Entendemos que su muerte fue una pequeña muerte, pero también un reset:
su cerebro fue lavado y su memoria borrada. No hay proceso ni despliegue ni
historia ni significado: hay funcionamiento, eternidad, repetición y recaída.
Pero mientras dura el milagro el Coyote ha dado con el lugar de la enunciación.

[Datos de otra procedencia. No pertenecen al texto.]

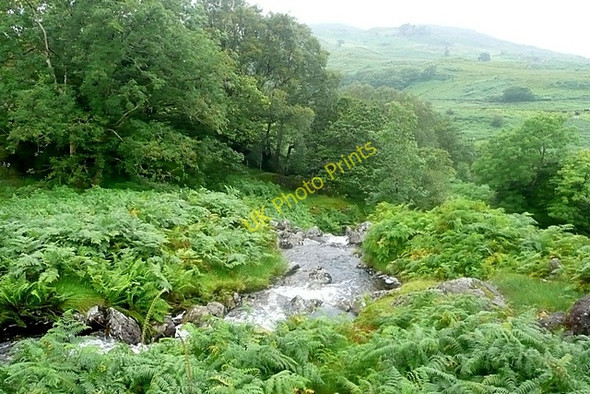 Photo 6"x4" Towards Cwm Nanmor Bethania\/SH6250 c2009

Se ha postulado a sí mismo. Ha logrado escapar del circuito tecnológico de la
vida, ha entendido su vida como ficción, ha atravesado océanos de lenguaje y de
historia para dejarnos su reproche melancólico, para interpelarnos como sus
semejantes.
Y nosotros,
¿merecemos la grandeza de este gesto del héroe? Sí, retroactivamente. Porque
es su gesto lo que nos hace grandes a nosotros:
hasta hace un segundo éramos los que reíamos estúpidamente mirando la pantalla;
ahora somos su Otro, por un segundo estamos a la altura de su espíritu. De
todos modos, lo que importa es que en ese instante mínimo, él —esa pieza ciega
de la máquina trágica— adquiere todo el espesor dramático de un sujeto, de una
lucidez, de una inteligencia. Es el instante preciso en el que acepta la
muerte: el accidente definitivo e inevitable cuya aceptación o simbolización
destruye y descentra toda la realidad y la pone a decir algo nuevo, algo
distinto de lo que ha venido diciendo desde siempre. Por un segundo no habrá
más prótesis: ya no creerá que las superpiernas fracasaron porque debían
completarse o perfeccionarse con un exoesqueleto aerodinámico para cabeza y tronco
y con un traje de neopreno con alas, o porque hay que trazar un nuevo plan
tecnológico y explorar a fondo líneas alternativas como el magnetismo, la
fisión nuclear aplicada a zapatos deportivos, los motores de antimateria. Por
un segundo habrá sujeto y conciencia, habrá el saber negativo, el saber de la
imposibilidad, y se abrirá un universo nuevo de significación y sentido. Pero
antes, casi al mismo tiempo, todo el lenguaje, toda la historia y todo el mundo
anterior debieron ser destruidos.
Notas
[1] Debo este ejemplo, en buena
medida, a mi amigo Amir Hamed. Él lo utilizaba en sus clases en la Universidad
para explicar la anagnórisis. En ese sentido, pero radicalizándolo
un poco, es que yo lo tomo. Él decía algo así como que “el Coyote es un experto
en anagnórisis”, y la expresión debe tomarse muy en serio: es un experto,
y ése es el problema: es un experto, y no un sabio.